**How to complete this task:**
Of all the entries below, only the lines from the one with "SONGMICS Wasmand met" up to and including the one with "Winter White Tree" are to be duplicated exactly.

Crawled caption data
++++++++

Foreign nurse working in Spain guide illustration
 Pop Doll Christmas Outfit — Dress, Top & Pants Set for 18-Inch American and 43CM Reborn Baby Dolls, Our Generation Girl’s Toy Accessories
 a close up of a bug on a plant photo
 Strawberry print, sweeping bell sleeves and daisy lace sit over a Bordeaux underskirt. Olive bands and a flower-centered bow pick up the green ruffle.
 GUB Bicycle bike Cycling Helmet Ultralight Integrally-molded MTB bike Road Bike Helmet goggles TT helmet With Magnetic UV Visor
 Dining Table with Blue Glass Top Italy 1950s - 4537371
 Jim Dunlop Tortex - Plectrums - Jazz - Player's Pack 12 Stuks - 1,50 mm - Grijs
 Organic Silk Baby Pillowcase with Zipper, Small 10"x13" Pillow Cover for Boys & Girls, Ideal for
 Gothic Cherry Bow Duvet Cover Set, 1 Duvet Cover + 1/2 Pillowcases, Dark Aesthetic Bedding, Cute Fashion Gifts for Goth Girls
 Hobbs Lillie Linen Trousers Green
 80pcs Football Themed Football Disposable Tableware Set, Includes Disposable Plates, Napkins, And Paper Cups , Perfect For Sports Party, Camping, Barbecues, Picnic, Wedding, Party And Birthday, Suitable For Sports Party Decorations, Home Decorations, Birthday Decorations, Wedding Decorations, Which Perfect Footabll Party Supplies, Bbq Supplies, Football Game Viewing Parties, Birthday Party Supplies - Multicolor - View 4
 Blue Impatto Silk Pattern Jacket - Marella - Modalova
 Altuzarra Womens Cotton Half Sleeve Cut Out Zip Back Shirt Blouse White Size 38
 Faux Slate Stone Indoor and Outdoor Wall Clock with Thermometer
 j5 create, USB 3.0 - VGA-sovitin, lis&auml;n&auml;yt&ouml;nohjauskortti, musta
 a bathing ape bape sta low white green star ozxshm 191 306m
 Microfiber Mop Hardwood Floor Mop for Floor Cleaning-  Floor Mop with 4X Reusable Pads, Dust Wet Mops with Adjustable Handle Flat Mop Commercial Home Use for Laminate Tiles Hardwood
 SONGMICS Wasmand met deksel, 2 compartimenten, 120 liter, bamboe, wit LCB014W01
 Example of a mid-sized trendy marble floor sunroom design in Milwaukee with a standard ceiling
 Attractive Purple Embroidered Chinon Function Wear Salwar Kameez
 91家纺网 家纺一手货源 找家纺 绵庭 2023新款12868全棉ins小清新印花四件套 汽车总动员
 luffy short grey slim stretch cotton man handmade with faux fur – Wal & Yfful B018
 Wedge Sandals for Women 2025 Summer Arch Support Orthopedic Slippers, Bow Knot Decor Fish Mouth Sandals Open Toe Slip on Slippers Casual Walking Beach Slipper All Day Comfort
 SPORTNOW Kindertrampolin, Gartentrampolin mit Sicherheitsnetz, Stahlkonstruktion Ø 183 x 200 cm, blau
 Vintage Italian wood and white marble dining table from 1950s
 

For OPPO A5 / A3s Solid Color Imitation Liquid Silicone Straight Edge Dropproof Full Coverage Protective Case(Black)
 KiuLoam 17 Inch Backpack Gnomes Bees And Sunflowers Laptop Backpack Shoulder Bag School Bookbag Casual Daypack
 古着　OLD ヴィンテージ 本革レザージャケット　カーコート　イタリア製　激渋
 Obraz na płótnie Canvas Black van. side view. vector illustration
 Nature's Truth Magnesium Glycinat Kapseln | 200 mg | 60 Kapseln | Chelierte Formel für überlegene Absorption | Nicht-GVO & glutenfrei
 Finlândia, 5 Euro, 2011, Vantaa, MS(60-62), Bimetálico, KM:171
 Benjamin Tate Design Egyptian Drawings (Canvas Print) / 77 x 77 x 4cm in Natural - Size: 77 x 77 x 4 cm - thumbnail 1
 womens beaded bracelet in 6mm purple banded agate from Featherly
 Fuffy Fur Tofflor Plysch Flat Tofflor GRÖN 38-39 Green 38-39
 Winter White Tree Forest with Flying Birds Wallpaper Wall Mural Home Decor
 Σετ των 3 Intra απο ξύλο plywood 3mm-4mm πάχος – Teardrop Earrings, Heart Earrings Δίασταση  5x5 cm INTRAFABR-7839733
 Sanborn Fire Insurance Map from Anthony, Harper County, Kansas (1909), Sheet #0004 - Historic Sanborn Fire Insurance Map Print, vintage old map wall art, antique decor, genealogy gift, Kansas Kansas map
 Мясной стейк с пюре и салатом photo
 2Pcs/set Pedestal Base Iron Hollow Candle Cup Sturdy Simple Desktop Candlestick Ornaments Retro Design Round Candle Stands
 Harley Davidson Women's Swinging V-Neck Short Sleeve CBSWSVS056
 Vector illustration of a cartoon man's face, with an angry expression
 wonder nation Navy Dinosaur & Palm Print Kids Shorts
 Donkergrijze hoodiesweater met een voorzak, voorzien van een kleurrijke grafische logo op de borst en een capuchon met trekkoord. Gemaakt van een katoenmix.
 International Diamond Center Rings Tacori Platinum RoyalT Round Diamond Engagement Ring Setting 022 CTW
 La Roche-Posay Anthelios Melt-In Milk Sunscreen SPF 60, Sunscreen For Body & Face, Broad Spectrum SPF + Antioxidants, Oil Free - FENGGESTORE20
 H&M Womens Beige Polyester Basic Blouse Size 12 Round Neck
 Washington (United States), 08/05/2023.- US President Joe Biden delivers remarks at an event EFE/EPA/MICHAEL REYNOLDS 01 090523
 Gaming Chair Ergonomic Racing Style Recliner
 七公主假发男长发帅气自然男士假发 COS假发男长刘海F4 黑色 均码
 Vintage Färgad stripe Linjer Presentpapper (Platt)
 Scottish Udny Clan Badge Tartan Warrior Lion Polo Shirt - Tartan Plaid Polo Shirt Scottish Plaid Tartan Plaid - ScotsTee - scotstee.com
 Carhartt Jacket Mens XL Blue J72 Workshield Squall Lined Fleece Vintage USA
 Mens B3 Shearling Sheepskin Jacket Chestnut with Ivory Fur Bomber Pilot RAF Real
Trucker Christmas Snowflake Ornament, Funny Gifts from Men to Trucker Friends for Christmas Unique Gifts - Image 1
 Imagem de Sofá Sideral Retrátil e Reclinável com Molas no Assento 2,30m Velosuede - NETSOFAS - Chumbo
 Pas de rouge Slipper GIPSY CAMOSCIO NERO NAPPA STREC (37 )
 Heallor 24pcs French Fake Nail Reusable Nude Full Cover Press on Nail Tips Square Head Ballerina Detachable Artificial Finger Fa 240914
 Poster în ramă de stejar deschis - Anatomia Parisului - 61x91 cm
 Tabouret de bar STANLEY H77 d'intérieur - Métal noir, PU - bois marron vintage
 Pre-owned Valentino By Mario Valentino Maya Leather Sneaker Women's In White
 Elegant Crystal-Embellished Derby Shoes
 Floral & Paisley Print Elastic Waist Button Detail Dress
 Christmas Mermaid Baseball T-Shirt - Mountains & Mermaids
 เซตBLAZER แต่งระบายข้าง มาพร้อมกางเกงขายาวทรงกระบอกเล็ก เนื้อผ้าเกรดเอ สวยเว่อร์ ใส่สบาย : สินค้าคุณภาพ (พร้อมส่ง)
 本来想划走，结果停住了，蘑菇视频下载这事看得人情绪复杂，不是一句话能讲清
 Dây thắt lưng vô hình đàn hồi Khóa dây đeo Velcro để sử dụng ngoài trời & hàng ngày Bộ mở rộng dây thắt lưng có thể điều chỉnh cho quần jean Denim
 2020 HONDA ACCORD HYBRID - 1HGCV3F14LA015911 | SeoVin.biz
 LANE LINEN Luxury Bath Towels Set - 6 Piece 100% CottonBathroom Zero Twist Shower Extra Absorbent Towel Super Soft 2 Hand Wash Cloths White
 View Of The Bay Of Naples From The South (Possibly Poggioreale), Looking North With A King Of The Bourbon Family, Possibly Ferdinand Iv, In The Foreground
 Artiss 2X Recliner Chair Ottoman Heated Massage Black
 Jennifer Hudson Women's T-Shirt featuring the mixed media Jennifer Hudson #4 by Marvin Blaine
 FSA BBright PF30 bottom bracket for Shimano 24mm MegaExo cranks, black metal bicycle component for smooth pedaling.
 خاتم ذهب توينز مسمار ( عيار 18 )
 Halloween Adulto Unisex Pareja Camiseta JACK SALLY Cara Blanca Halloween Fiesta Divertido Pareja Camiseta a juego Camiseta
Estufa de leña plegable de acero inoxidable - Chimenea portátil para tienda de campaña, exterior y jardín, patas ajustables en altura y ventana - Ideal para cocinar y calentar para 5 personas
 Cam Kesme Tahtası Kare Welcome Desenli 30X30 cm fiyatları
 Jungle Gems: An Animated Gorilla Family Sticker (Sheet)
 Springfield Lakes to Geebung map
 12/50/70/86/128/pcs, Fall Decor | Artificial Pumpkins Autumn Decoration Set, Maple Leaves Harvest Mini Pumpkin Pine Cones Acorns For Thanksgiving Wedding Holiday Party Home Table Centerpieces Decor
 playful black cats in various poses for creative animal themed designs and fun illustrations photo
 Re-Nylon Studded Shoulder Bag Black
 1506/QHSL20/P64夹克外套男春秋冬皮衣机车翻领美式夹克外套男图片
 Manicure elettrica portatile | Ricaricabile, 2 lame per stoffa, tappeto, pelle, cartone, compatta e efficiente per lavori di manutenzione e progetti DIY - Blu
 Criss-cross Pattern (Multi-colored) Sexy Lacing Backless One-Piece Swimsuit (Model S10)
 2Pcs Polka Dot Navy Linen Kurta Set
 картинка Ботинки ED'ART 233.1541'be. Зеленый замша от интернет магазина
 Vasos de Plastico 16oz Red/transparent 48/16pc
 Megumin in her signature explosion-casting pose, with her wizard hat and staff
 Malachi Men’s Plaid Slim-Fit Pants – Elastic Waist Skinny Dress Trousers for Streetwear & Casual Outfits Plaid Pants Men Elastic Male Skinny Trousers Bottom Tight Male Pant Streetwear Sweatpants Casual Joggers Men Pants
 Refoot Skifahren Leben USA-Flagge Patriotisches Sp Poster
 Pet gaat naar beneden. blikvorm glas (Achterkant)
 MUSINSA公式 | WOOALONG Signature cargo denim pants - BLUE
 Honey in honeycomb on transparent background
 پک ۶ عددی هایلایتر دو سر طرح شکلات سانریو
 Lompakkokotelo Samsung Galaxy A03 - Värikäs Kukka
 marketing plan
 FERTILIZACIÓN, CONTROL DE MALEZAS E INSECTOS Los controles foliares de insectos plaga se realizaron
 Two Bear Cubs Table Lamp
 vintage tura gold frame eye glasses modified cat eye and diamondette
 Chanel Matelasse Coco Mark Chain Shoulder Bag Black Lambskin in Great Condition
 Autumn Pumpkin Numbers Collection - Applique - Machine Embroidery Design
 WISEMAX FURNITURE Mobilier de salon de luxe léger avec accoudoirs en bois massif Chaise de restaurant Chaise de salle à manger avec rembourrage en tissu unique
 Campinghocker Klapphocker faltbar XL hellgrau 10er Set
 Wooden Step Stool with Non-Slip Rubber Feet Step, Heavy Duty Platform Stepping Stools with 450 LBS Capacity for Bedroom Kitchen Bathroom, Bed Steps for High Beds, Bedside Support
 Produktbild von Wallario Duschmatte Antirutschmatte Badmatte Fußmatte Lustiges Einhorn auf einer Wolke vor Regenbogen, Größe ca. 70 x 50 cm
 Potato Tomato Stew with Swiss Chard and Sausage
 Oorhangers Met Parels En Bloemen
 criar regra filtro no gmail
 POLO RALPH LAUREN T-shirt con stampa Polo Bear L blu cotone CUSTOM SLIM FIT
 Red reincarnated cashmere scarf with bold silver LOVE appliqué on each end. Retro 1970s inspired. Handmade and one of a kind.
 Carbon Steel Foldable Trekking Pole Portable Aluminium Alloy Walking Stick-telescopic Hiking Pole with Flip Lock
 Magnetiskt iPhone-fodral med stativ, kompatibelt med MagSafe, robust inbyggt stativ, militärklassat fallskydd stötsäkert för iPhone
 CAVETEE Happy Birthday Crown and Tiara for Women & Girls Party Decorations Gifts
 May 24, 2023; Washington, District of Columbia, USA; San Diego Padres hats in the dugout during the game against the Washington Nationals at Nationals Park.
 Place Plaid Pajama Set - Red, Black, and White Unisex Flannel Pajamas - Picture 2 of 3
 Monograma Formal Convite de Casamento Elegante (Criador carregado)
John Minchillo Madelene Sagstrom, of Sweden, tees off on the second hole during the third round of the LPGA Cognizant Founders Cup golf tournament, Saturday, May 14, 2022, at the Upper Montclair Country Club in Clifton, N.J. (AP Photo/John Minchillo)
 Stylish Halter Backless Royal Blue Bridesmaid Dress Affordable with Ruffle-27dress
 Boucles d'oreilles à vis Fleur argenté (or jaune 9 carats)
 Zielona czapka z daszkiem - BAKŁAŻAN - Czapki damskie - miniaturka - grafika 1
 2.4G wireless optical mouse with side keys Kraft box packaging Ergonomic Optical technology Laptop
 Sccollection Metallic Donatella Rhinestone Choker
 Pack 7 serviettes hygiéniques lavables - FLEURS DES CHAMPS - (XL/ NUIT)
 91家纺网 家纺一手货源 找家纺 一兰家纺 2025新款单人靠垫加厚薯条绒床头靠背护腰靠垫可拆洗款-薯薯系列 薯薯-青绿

++++++++

**Task output:**
 SONGMICS Wasmand met deksel, 2 compartimenten, 120 liter, bamboe, wit LCB014W01
 Example of a mid-sized trendy marble floor sunroom design in Milwaukee with a standard ceiling
 Attractive Purple Embroidered Chinon Function Wear Salwar Kameez
 91家纺网 家纺一手货源 找家纺 绵庭 2023新款12868全棉ins小清新印花四件套 汽车总动员
 luffy short grey slim stretch cotton man handmade with faux fur – Wal & Yfful B018
 Wedge Sandals for Women 2025 Summer Arch Support Orthopedic Slippers, Bow Knot Decor Fish Mouth Sandals Open Toe Slip on Slippers Casual Walking Beach Slipper All Day Comfort
 SPORTNOW Kindertrampolin, Gartentrampolin mit Sicherheitsnetz, Stahlkonstruktion Ø 183 x 200 cm, blau
 Vintage Italian wood and white marble dining table from 1950s
 

For OPPO A5 / A3s Solid Color Imitation Liquid Silicone Straight Edge Dropproof Full Coverage Protective Case(Black)
 KiuLoam 17 Inch Backpack Gnomes Bees And Sunflowers Laptop Backpack Shoulder Bag School Bookbag Casual Daypack
 古着　OLD ヴィンテージ 本革レザージャケット　カーコート　イタリア製　激渋
 Obraz na płótnie Canvas Black van. side view. vector illustration
 Nature's Truth Magnesium Glycinat Kapseln | 200 mg | 60 Kapseln | Chelierte Formel für überlegene Absorption | Nicht-GVO & glutenfrei
 Finlândia, 5 Euro, 2011, Vantaa, MS(60-62), Bimetálico, KM:171
 Benjamin Tate Design Egyptian Drawings (Canvas Print) / 77 x 77 x 4cm in Natural - Size: 77 x 77 x 4 cm - thumbnail 1
 womens beaded bracelet in 6mm purple banded agate from Featherly
 Fuffy Fur Tofflor Plysch Flat Tofflor GRÖN 38-39 Green 38-39
 Winter White Tree Forest with Flying Birds Wallpaper Wall Mural Home Decor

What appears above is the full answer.